What is the future of AI Development in Supply Chain and Logistics?
The subject of the future of A.I. (artificial intelligence) can often spark thought-provoking discussions, especially when it comes to how future advances may help to shape logistics operations for both light and heavy goods vehicles.
Quite often, questions such as these will come up:
- ● How does AI help in supply chain and logistics?
- ● How might AI affect transportation in the future?
- ● How will it be used alongside autonomous vehicles?
- ● What is the use of AI in logistics planning?

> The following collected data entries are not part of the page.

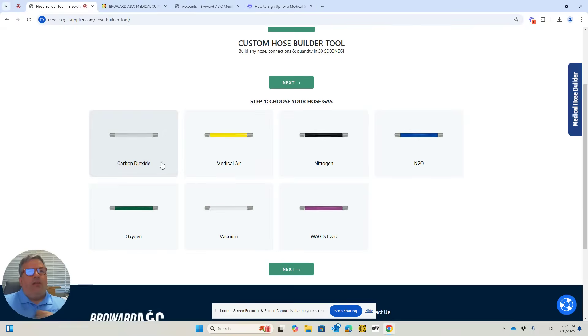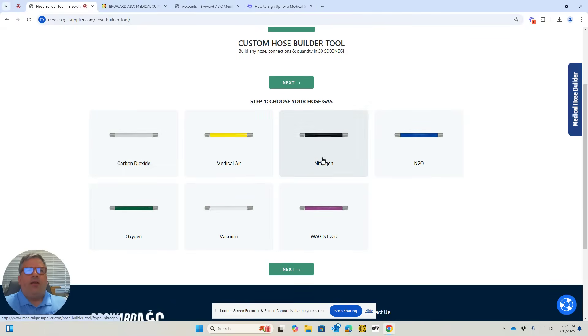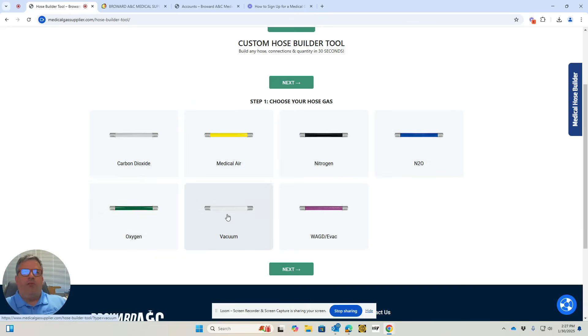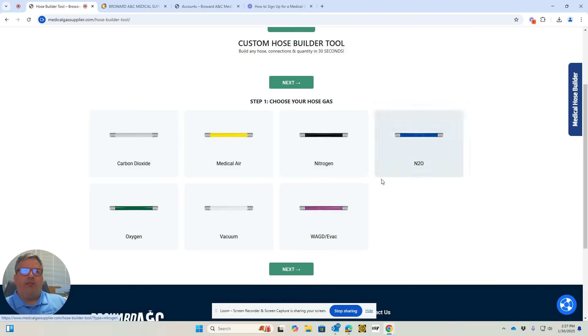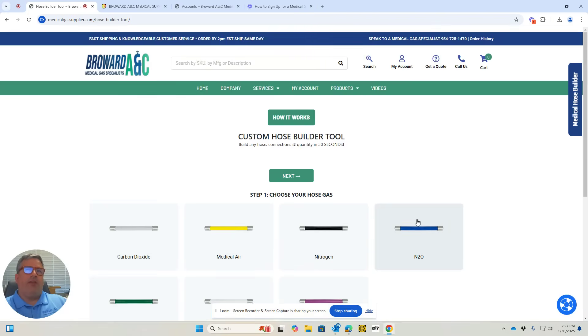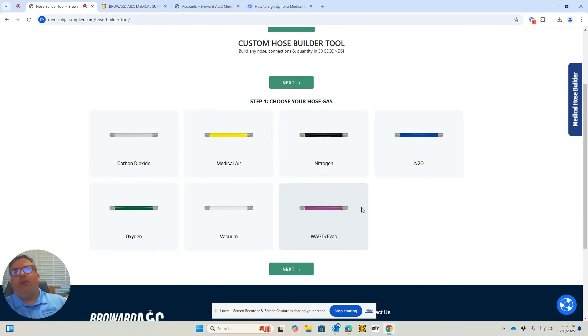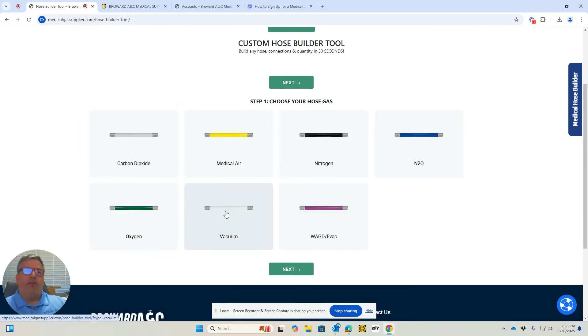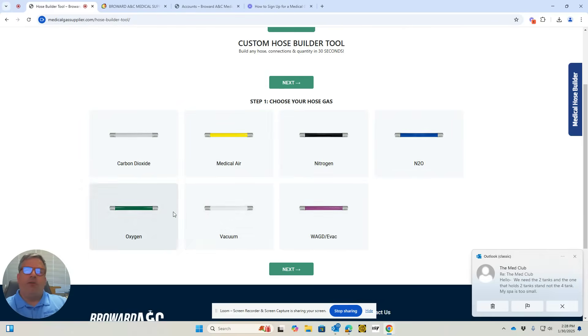You're going to have all your gases listed here. The most common ones are oxygen, medical air, nitrous, and vacuum. We have several other gases here. We don't have everything, but for the most part, it covers most of what people are looking for.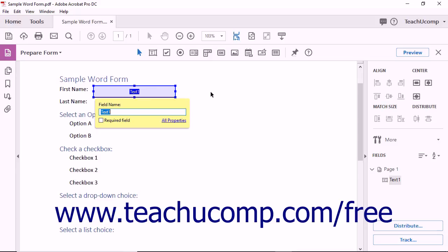Notice that the field name tag also contains a Required Field checkbox. Clicking this checkbox prevents a user from submitting data unless this field is complete.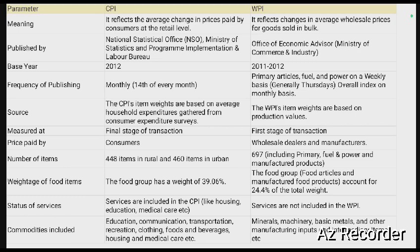In terms of number of items, CPI covers 448 items in rural and 460 in urban categories, whereas WPI covers 697 articles across three categories: primary, fuel, and manufactured products. The food group has a weight of 39.06% in CPI and 24.4% in WPI. Services such as housing, education, and medical are included in CPI but not in WPI. WPI includes commodities like minerals, machinery, basic metals, clothing, and food prices.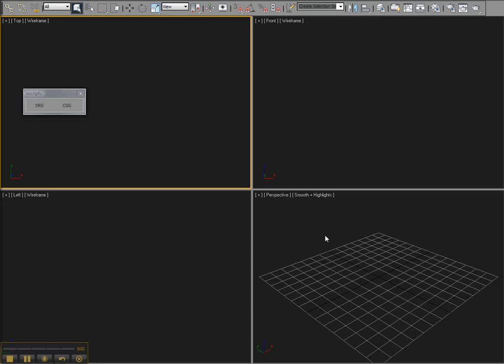Hi, everybody. Today I'm going to do a quick demo of the new Ceiling Grid Generator Max script.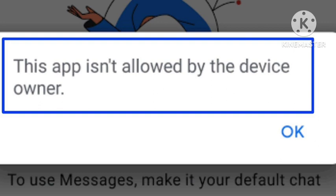If switching out of safe mode does not work for you, then try to factory reset your device. That will also help you fix this problem.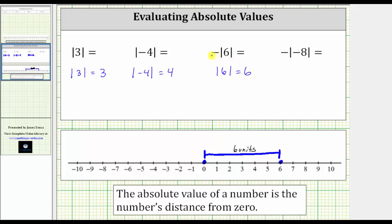This indicates the absolute value of positive six is positive six. Notice how we have the opposite of the absolute value of positive six, or negative absolute value of positive six, which means the result is equal to negative six.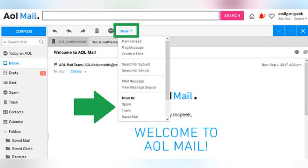Create AOL mail folders from inside a message. Sometimes you don't know what folder an email should be sorted into until you have opened it to read what it says. There are even times when you might realize you want to create a new email folder while reading a specific message in AOL mail. Fortunately, it's easy to move messages and create folders right from the message view.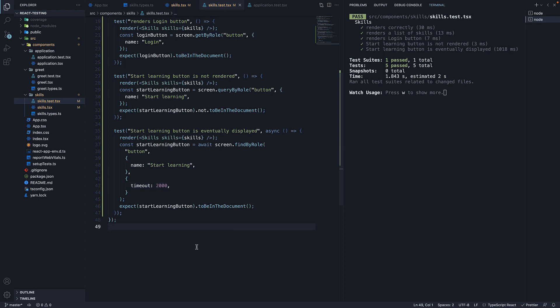With that, we have now covered all the class of query methods available in React testing library to find elements in the document. Finding elements is fundamental to writing any test and I hope you now have a clear understanding of how to do that.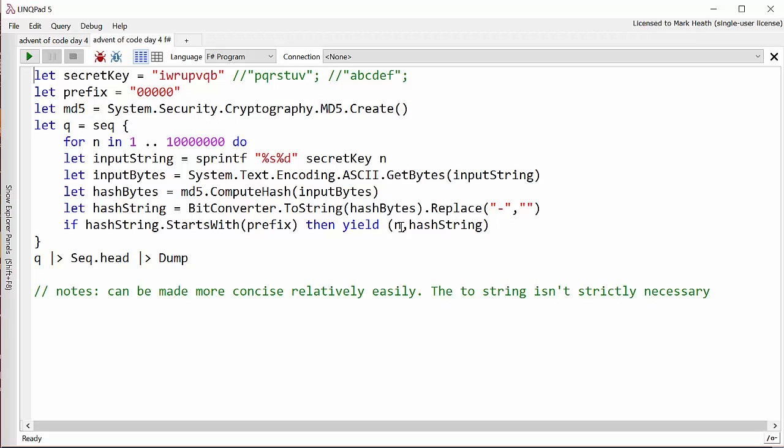And so this yield keyword, if you're a C sharp developer you've probably used that in methods that return I enumerable from time to time. It allows us to generate a sequence on the fly from this original sequence and so we've got basically a sequence of all of the hashes that are going to start with five zeros.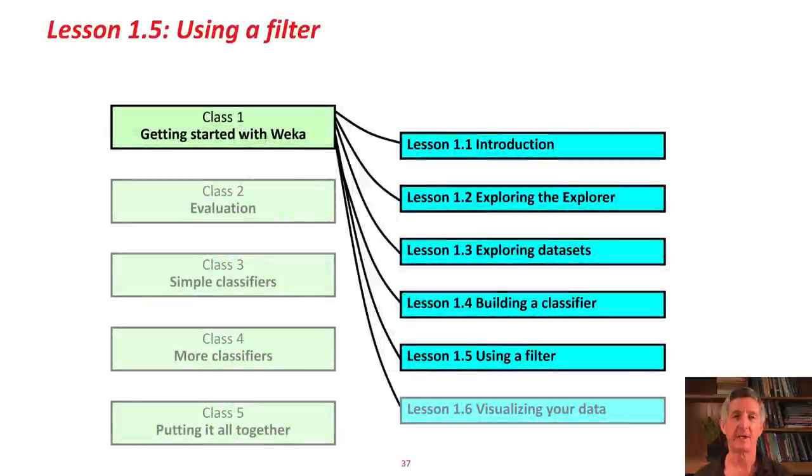Hello. In the last lesson, we looked at using a classifier in Weka J48. In this lesson, we're going to look at another of Weka's principal features, filters.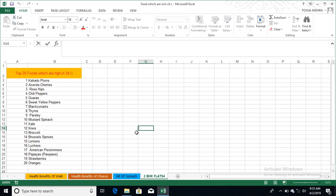And vitamin C is water soluble and it is very good for your immune system. So that's why it is very important that 90 mg per day you have to consume vitamin C products and foods.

Many people are trying to find out what others think about the future of AI in logistics, as well as going on to make their own predictions. It’s therefore interesting and important to reflect on how things have progressed during the last few years in terms of AI.
If you start to think about AI’s “end game”, you probably picture fully autonomous vehicles driving the streets – literally controlled entirely by the computer “brain”. This could offer:
● Huge advances in vehicle utilisation (removing the restrictions on driver’s hours). Some say an increase of nearly 50% utilisation. (†)
● Huge benefits in fuel economy (reducing over-enthusiastic braking and acceleration). Some say 10% reduction (†) or even more.
● Huge additional fuel benefits by the creation of mass convoys of autonomous trucks interconnected in “platooning” to reduce drag. Some say another 12% reduction in fuel (†) here.
(†) Source: AXA
With almost a third of the cost for freight operators sitting with the driver themselves, the million-dollar question arises for many: are we really going to get rid of drivers entirely?
That is where concerns begin, especially when we consider whether a true “driverless” delivery vehicle makes sense or not. And are we ready for them? Or could they still be many years away?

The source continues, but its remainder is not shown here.